Summer piano in the Big Apple
The International Keyboard Institute and Festival, reviewed by JOHN BELL YOUNG
While fumbling about for hors-d'oeuvres at an after-concert soirée, I cornered my host, the estimable pianist, Jerome Rose. Mr Rose is the founder and co-director, along with Julie Kedersha, of the International Keyboard Institute and Festival, which has just concluded its sixth summer season at the Mannes College in New York. Mr Rose, a commanding presence who is hardly given to mincing words, exudes as much authority in person as he does at the piano.
Bemoaning the state of classical music as so many of our colleagues do, while not quite throwing up his hands, Mr Rose observed that the future of the art, and all hope for its survival is indeed in the hands of young people.
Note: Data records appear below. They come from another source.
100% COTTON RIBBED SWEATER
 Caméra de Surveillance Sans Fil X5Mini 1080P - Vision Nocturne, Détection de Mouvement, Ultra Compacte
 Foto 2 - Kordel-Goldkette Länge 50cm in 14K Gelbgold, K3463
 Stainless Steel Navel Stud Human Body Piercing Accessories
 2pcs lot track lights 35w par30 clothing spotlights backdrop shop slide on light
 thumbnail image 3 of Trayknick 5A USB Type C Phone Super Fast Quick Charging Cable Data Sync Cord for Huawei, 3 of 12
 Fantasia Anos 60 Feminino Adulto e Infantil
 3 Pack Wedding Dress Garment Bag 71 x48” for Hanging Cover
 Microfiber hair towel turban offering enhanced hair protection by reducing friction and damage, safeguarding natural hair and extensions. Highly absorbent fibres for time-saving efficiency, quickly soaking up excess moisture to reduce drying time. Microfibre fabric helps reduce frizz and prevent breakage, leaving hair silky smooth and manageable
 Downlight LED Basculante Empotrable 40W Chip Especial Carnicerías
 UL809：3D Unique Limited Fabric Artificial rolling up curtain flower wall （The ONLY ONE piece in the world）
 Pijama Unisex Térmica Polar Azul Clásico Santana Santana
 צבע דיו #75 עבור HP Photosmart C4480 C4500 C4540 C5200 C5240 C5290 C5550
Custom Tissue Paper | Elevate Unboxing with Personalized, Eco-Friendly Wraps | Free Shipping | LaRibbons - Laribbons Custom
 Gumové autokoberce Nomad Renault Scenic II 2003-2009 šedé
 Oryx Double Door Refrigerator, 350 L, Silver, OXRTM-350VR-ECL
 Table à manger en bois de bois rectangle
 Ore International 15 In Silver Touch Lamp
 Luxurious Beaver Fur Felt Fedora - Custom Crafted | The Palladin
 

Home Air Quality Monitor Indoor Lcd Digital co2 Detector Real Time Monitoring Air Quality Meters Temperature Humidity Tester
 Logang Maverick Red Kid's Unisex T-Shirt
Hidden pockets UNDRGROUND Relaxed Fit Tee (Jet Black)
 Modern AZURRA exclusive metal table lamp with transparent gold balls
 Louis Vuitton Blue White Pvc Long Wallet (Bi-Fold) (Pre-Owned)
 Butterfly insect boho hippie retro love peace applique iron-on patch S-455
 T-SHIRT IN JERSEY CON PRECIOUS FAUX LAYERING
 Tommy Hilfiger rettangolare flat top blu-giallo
Now that music has been co-opted by popular culture and harvested for its use-value in film and other visual media, Mr Rose's circumspection was understandable. Even so, he waxed pragmatic, not philosophical, when he pointed to the success of his festival, which now routinely sells out its events. 'We are only talking about hundreds of listeners who attend our concerts,' he observed, as opposed to the far greater numbers his series, given its quality, deserve.
Mr Rose may be underestimating his considerable abilities to organize and inspire. Indeed, of all the summer festivals throughout the US that I have attended over the years, the IKIF embraces the very best of what a festival should represent: quality, artistry and imagination. In maintaining a spirit of overall collaboration that embraces the interests as well as the talents of professional musicians, students and the public itself, Mr Rose has pursued an admirable and effective model for musical presentation that others would be well advised to emulate.